We never passed a chance to go fishing. If a fish took our bait we kept it. As long as it made the grease pop we ate it. About this time, we joined the Cub Scouts. As I remember the Cubs were more involved in outdoor activities than what I see today of the Boy Scouts. We learned about nature, survival, camping, making fire without matches, and how to identify animal tracks. We learned to trap a rabbit, even how to cook camp food. At this time, we could camp in the Vicksburg National Military Park. I can see Norman and me standing there at attention in our blue shorts uniform, yellow scarf and wearing a blue baseball style cap with a bear cub on front, and our advancement medals like ribbons on our left pocket.
The YMCA became our “go to” place. We would swim naked, then go to the softball field behind the Y and follow that up with a fresh sweet roll from the Piggly Wiggly bakery across the street. They were so large we would split it in half as close as we could… whoever broke it always turned a little under so that they looked equal. Then we would get on our bicycles and ride home.

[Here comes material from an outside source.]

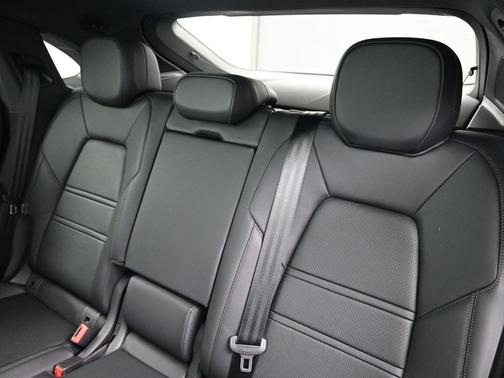 2025 Porsche Cayenne S Coupe AWD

Following Gray-Y softball, Norman and l discovered the real ball game of..."hardball.” Several of us neighborhood boys, would play a little baseball on a flat area of the railroad yard. You had to be very dexterous in jumping over the tracks when going after a fly ball. There was no real need for a catcher as a pile of cross ties covered in front by a piece of roofing tin served as a backstop. I recall Roy McDonald had the only real bat, a relic from an earlier time. It was black and weighed a ton. Someone hit a ball into the golden rod patch in “left field." I ran to retrieve the ball, but there was movement when I reached for it. I jumped back thinking SNAKE! That ball had bagged a rabbit. The game was called to let Norman take the rabbit home for supper.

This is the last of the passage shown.